### Work order
Nothing but the lines from the one containing "BBL easyCredit Basketball" to the end of the records that follow should be transcribed, each exactly, with the pictures left out.

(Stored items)
__________________________________________________

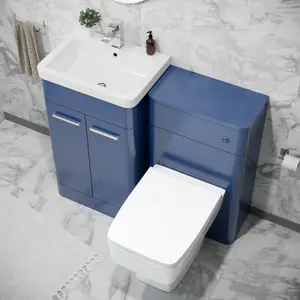 Nes Home Sudbury 500mm Freestanding Vanity Unit with Basin, Back to Wall toilet, WC unit Royal Blue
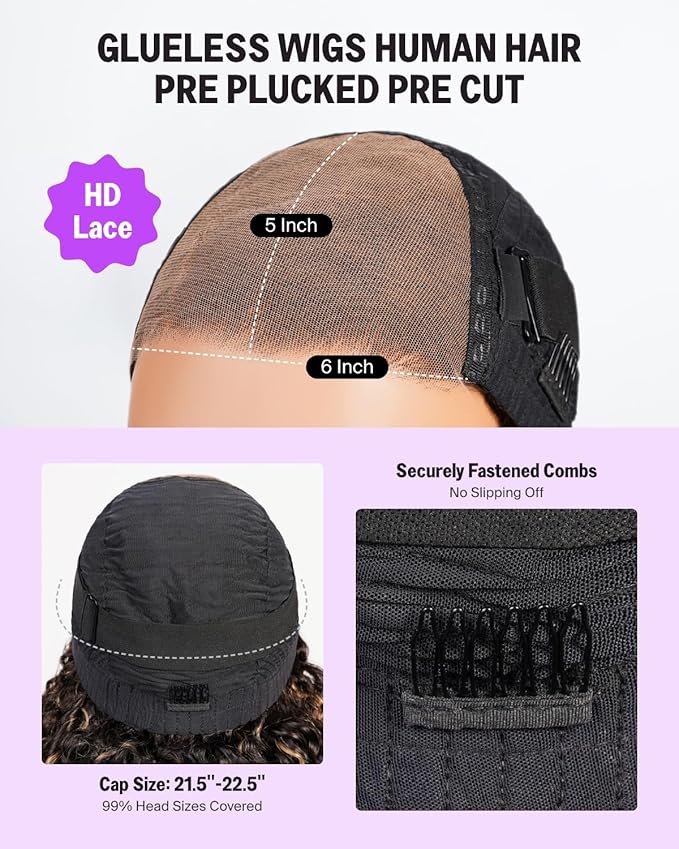 Megalook Ombre Deep Wave Glueless Wigs Human Hair Pre Plucked Pre Cut 5x6 HD Lace Closure Curly Human Hair Wig for Black Women Wear and Go Glueless Wigs Human Hair Pre Bleached Knots 24 Inch 1B/27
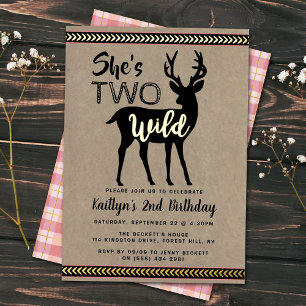 Two Wild Woodland Deer Girls 2nd Birthday Real Foil Invitation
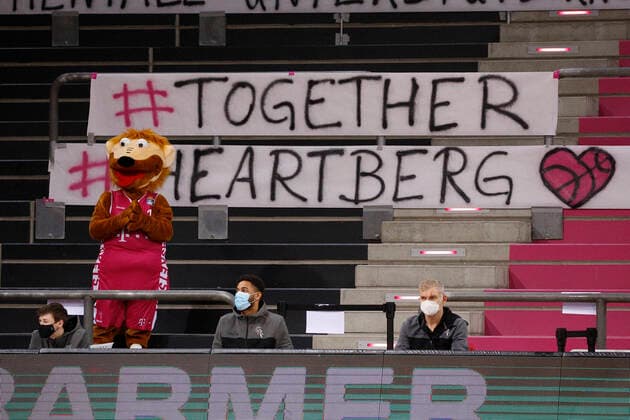 BBL easyCredit Basketball Bundesliga Season 2020 2021 4 Matchday on Thursday, 03 December 2020 at the Telekom Dome Telekom Baskets Bonn Hamburg Towers Mascot Bonni Bonn Telekom Baskets Bonn Hamburg Towers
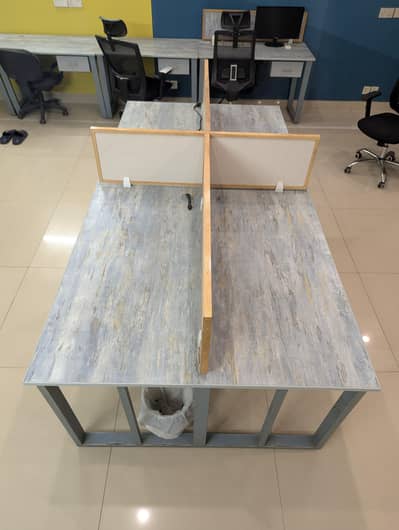 Premium 4 Person Office Workstation Table with Partitions & Drawers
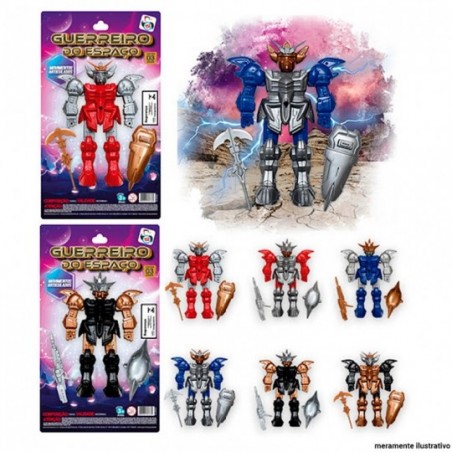 Boneco Robô Guerreiro Espaço Com 3 Acessórios Infantil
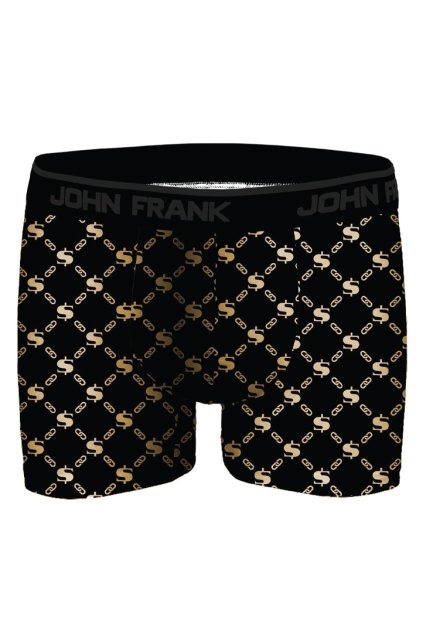 Pánské boxerky John Frank JFBDMET101-CHAIN GOLD (Velikost L, Barva Černá)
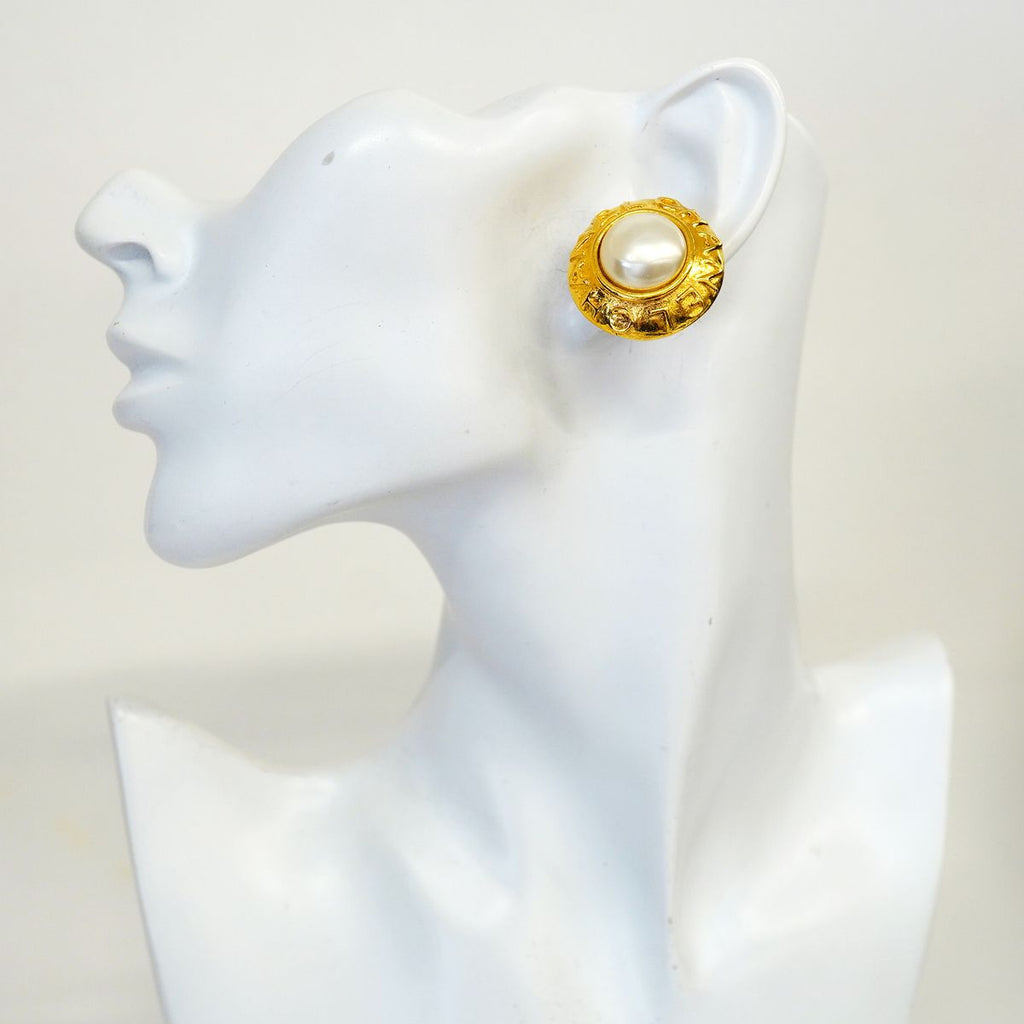 Chanel Earrings Vintage Logo Gold Plated Faux Pearl — view 5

__________________________________________________

### Result of the exercise
 BBL easyCredit Basketball Bundesliga Season 2020 2021 4 Matchday on Thursday, 03 December 2020 at the Telekom Dome Telekom Baskets Bonn Hamburg Towers Mascot Bonni Bonn Telekom Baskets Bonn Hamburg Towers
 Premium 4 Person Office Workstation Table with Partitions & Drawers
 Boneco Robô Guerreiro Espaço Com 3 Acessórios Infantil
 Pánské boxerky John Frank JFBDMET101-CHAIN GOLD (Velikost L, Barva Černá)
 Chanel Earrings Vintage Logo Gold Plated Faux Pearl — view 5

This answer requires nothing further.